During integration with RAGAS 0.3.9, two breaking issues appeared in Giskard’s RAG stack:

  1. RagasLLMWrapper was missing an is_finished() implementation → abstract-class instantiation errors
  2. Giskard still used the old .score() API, which was removed in RAGAS 0.3.9

Fixes contributed:

  • Implemented is_finished() in RagasLLMWrapper to comply with BaseRagasLLM
  • Updated Giskard’s RAGAS integration to use the new SingleTurnSample + single_turn_score(...) API
  • Added a compatibility fallback for older RAGAS versions
  • Submitted a reproducible test script + PR following contribution guidelines

As a result, Giskard now works smoothly with RAGAS 0.3.9 and Azure OpenAI in RAG evaluation pipelines like this one.


11. Roadmap

Some planned extensions include:

  • /healthz and /metrics endpoints (Prometheus-friendly)
  • Inline citations auto-tagging (e.g. [Article X] in the answer text)
  • Hybrid retrieval (lexical + vector) on Azure AI Search
  • More standardized evaluation scripts (/scripts/eval.py) with a reusable gold Q/A set

12. Resources


13. Closing Thoughts

This project is less about “wrapping GPT in a chat UI” and more about:

  • Treating RAG as a measurable system (retrieval, context use, generation, routing, safety),
  • Designing for transparent, citation-backed answers in a legal domain,
  • And using evaluation as the main driver for iteration.
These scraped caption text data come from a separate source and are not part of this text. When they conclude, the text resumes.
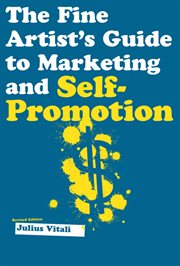 The Fine Artist's Guide to Marketing and Self-Promotion : Innovative Techniques to Build Your Career as an Artist cover image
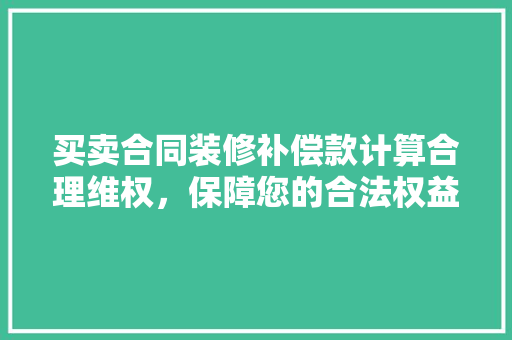 买卖合同装修补偿款计算合理维权，保障您的合法权益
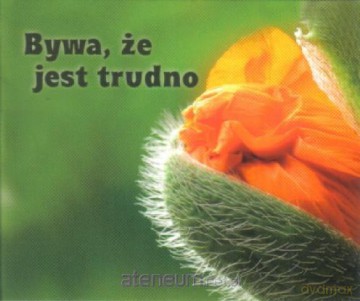 Perełka 113 - Bywa, że jest trudno w.2011 [KSĄŻKA]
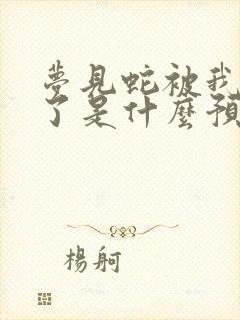 梦见蛇被我打死了是什么预兆女性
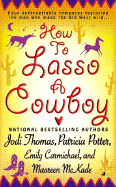How to Lasso a Cowboy - Thomas, Jodi, and Potter, Patricia, and Carmichael, Emily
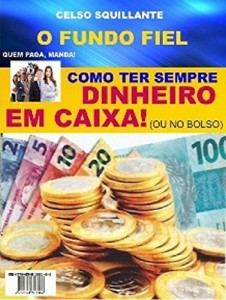 Baixar O FUNDO FIEL: QUEM PAGA, MANDA! pdf, epub, eBook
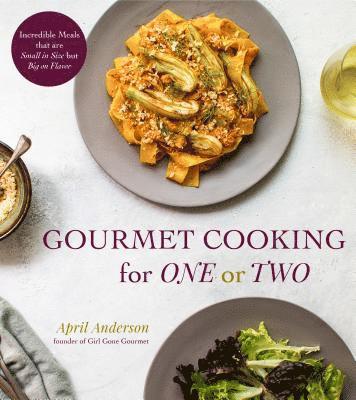 bokomslag Gourmet Cooking for One or Two: Incredible Meals That Are Small in Size But Big on Flavor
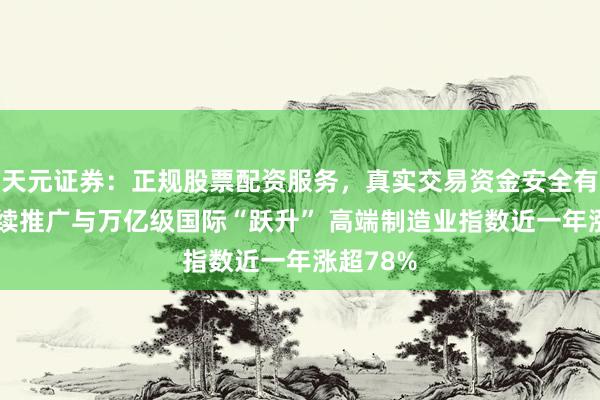 天元证券：正规股票配资服务，真实交易资金安全有保障 握续推广与万亿级国际“跃升” 高端制造业指数近一年涨超78%
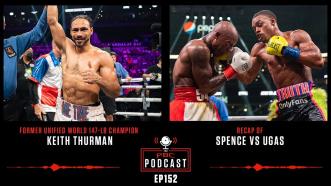 Keith Thurman & a Closer Look at Spence-Ugas | The PBC Podcast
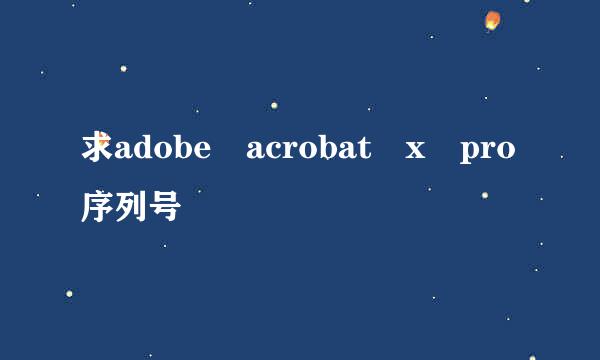 求adobe acrobat x pro序列号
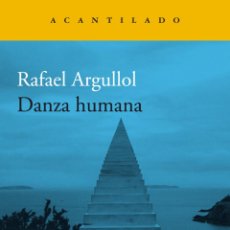 Libros: RAFAEL ARGULLOL. DANZA HUMANA -NUEVO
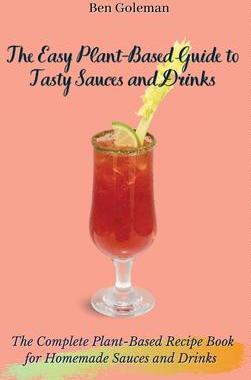 [预订]The Easy Plant- Based Guide to Tasty Sauces and Drinks: The Complete Plant-Based Recipe Book for Hom 9781803171562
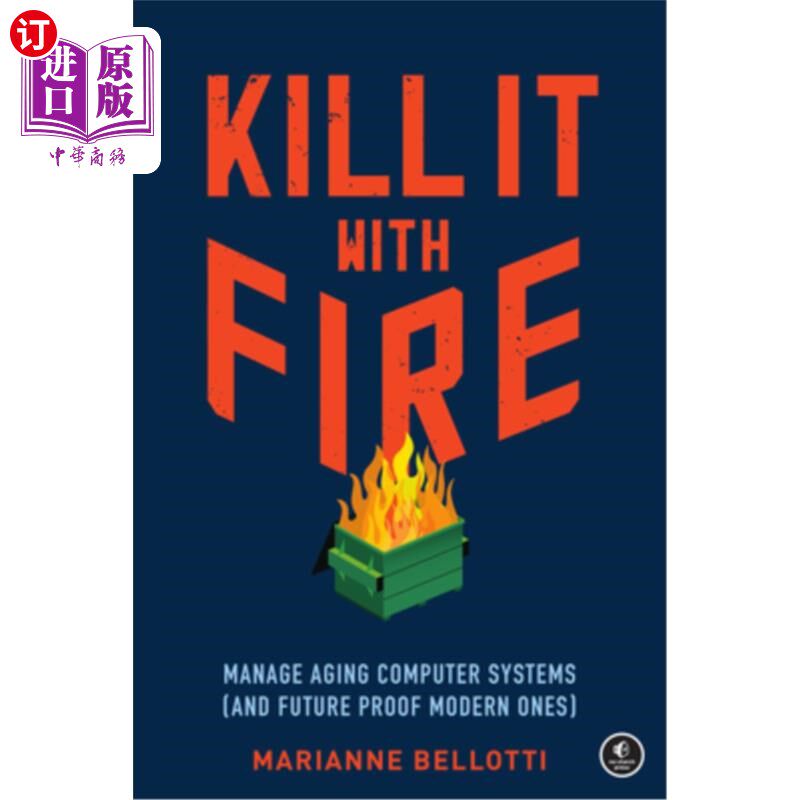海外直订Kill It with Fire: Manage Aging Computer Systems (and Future Proof Modern Ones) 用火杀死它:管理老化的计算机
The same architecture and evaluation approach can be adapted to:

  • Financial regulations
  • Clinical/pharma documentation
  • Enterprise knowledge bases with strong compliance requirements

If it’s not evaluated, it’s just a demo. The GDPR RAG Assistant is a concrete step towards trustworthy, observable, and improvable RAG systems.